ERS/ATS 2017 DLCO standards

The new ERS/ATS standards for DLCO testing were published in the January issue of the European Respiratory Journal. The article was published as open access and can be downloaded from the ERJ website.

The biggest difference between the new standards and those from 2005 is that they are now primarily oriented towards Rapid-response Gas Analyzers (RGA). The authors explicitly state that the new standards do not make older systems that use discrete alveolar sampling and slower gas analyzers obsolete, but many of the new suggestions and requirements for labs and manufacturers require systems with a RGA.

The differences between the 2017 and 2005 standards that I’ve been able to find include:

♦ Flow accuracy was not specified in the 2005 standard but is now required to be ± 2% over a range of ± 10 L/sec.

♦ Volume accuracy is now required to be ± 2.5% (± 75 ml) instead of ± 3.5%. Notably the 2005 standard included a ± 0.5% error in the calibrating syringe. The accuracy of the 3-liter syringe is now stated separately. In the 2005 standard volume accuracy was over an 8-liter range.
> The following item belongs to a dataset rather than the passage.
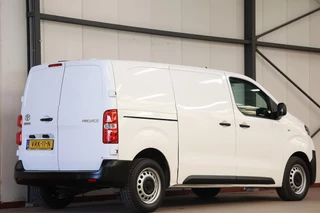 Toyota ProAce – thumbnail 4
No volume range is specified in the 2017 standard.

♦ RGA response time (analyzer rise time) had not previously been specified but is now required to be ≤150 milliseconds. Sample transit time was discussed but no specific recommendations were made. Sample transport issues such as Taylor dispersion, gas viscosity and turbulence at gas fittings was also discussed and although it was suggested that manufacturers attempt to minimize these effects no specific recommendations were made.

♦ Analyzer linearity for both RGA and discrete sample systems has been relaxed to ± 1.0% in the 2017 standards from ± 0.5% in the 2005 standards.

♦ CO analyzer accuracy for both RGA and discrete sample systems is now specified as ≤10 ppm (which is ±0.3% of 0.3% CO). It was previously specified as ± 0.0015% (which is ± 0.5% of 0.3% CO).

♦ Interference from CO2 and water vapor for both RGA and discrete sample systems is now specified as ≤10 ppm error in CO (when CO2 and water vapor are ≤5%). Interference was recognized as a problem in the 2005 standard but error limits were not specified.

♦ Digital sampling rate was not discussed or specified in the 2005 standards. It is now specified as a minimum of ≥100 hz with a resolution of 14 bits. A 1000 hz sampling rate is recommended.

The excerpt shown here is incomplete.